IGES-Impulspapier: „Konsequente Präventionsorientierung in der Pflege ist alternativlos“

Gesundheitsversorgung und Pflege in Deutschland müssen künftig stärker auf Prävention ausgerichtet werden. Dafür plädiert ein aktuelles Diskussionspapier von Experten des IGES Instituts, das am 16. Oktober im Rahmen einer gemeinsamen Veranstaltung des IGES Instituts und der Initiative generationengerecht Pflege in Berlin vorgestellt wurde.
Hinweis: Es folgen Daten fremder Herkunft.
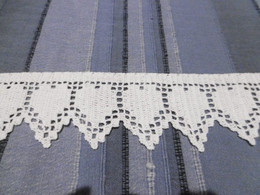 Bordure Réalisée Au Crochet En Coton Blanc . - Drapery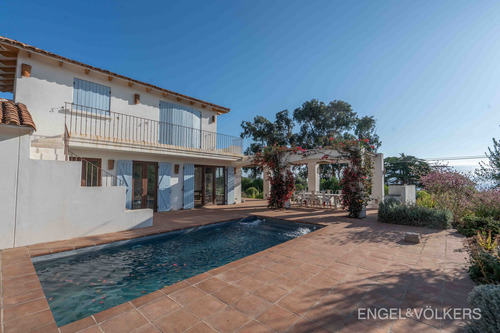 Preciosa Casa Estilo Provenzal En El Pangue, Zapallar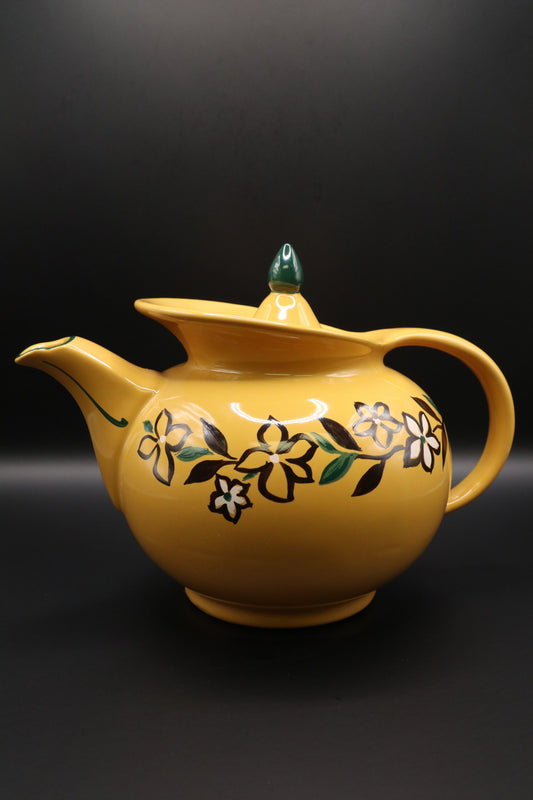 VINTAGE HALL CHINA "WINDSHIELD" TEAPOT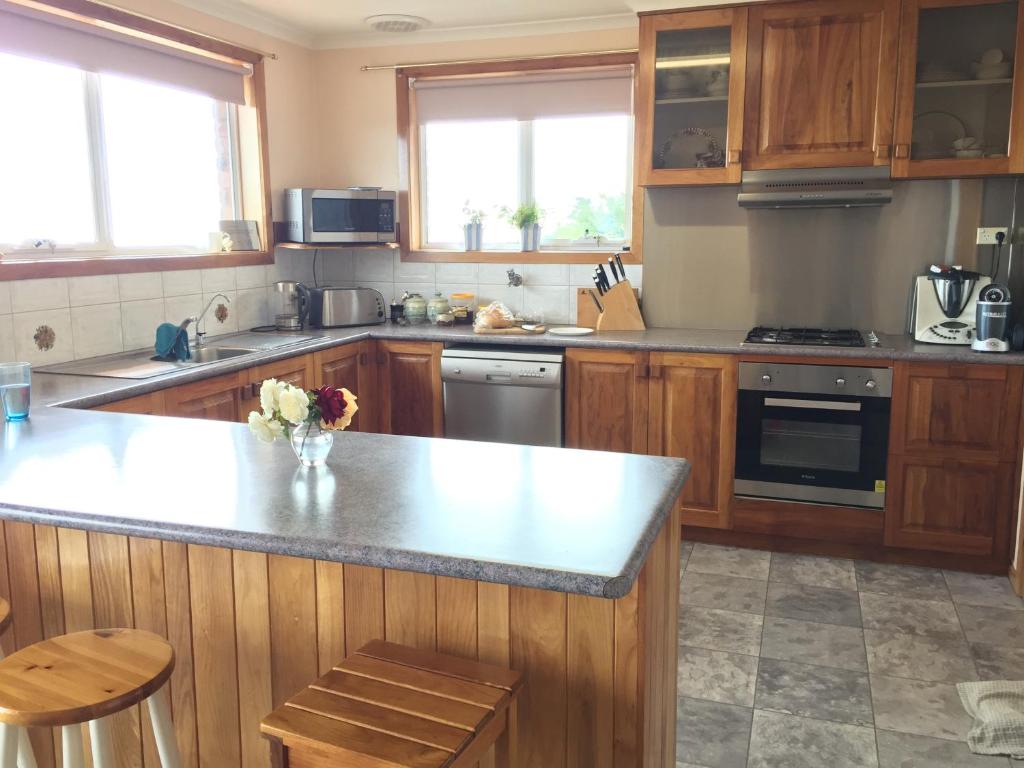 Kuchyň nebo kuchyňský kout v ubytování Penguin Seaside Homestay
Angesichts der alternden Babyboomer-Generation und absehbar steigendem Pflegebedarf sei eine konsequente Präventionsorientierung „alternativlos".

Berlin, 16. Oktober 2025 (IGES Institut) – Nur 0,05 Prozent der laufenden Gesundheitsausgaben der Sozialen Pflegeversicherung (SPV) flossen 2023 in die Prävention. Bei der Gesetzlichen Krankenversicherung (GKV) sank der Anteil sogar von 1,7 Prozent (2015) auf 1,6 Prozent (2023), heißt es in dem Impulspapier, das für den Verband der Privaten Krankenversicherung (PKV-Verband) entstand.

Gesunde Lebensjahre der Bevölkerung nehmen ab

Die Folgen der mangelnden Präventionsorientierung seien klar sichtbar: So sank Daten das EU-Statistikamtes Eurostat zufolge in Deutschland die Zahl der gesunden Lebensjahre für Menschen ab 65 Jahren im Zeitraum von 2015 und 2022 deutlich - bei Frauen von 12,3 auf 8,6 Jahre, bei Männern von 11,4 auf 8,2 Jahre.

Eine Trendwende sei nur durch veränderte Bildungs- und Versorgungsstrukturen zu erreichen, die Menschen bereits in jungen und mittleren Jahren für Gesundheitsförderung und Prävention sensibilisieren.

Trendwende in der Pflege notwendig

Zudem sei eine grundlegende Trendwende in der Präventionsorientierung der Pflege erforderlich: Weg von verrichtungsbezogenen hin zu personenzentrierten Ansätzen, die Selbstständigkeit und Fähigkeiten von Pflegebedürftigen fördern und erhalten. Dafür müssten die Landesrahmenverträge zur ambulanten Pflege von der Selbstverwaltung überarbeitet werden.

Weiterhin sollten Menschen, die bei der Begutachtung zur Feststellung von Pflegebedürftigkeit keinen Pflegegrad oder Pflegegrad 1 erhalten, „regelhaft auf entsprechende Präventionsmöglichkeiten und -angebote verwiesen und bei der Inanspruchnahme unterstützt werden,“ ist zu lesen.

Neue Pflege-Komplexleistung Gesundheitsförderung und Prävention

Im IGES-Papier wird konkret eine neue Komplexleistung „Gesundheitsförderung und Prävention bei Pflegebedarf" nach amerikanischem Vorbild mit standardisierter Bedarfsermittlung und Fallmanagement vorgeschlagen.

Problematisch hinsichtlich der Wirkungen der verausgabten Sozialversicherungsleistungen ist der steigende Anteil der Pflegegeldempfängerinnen und -empfänger zu bewerten: 2023 wählten 54,5 Prozent diese Leistungsart, 2009 waren es 45,6 Prozent. Diese Menschen würden oft ohne jegliche professionelle Unterstützung versorgt. Der Pflegegeldbezug sollte daher künftig regelhaft mit Beratungs- und Schulungsleistungen verknüpft werden, raten die Autoren.

Mehr über Prävention bei der Pflegeberatung sprechen

Nicht zuletzt wird die Notwendigkeit hervorgehoben, im Rahmen der Pflegeberatung das Thema Prävention stärker zu adressieren. Aus Studienergebnissen des IGES Instituts geht hervor, dass derzeit nur 12,7 Prozent der Beratungen nach § 7a SGB XI auch Möglichkeiten der Gesundheitsförderung bei pflegebedürftigen Menschen thematisieren.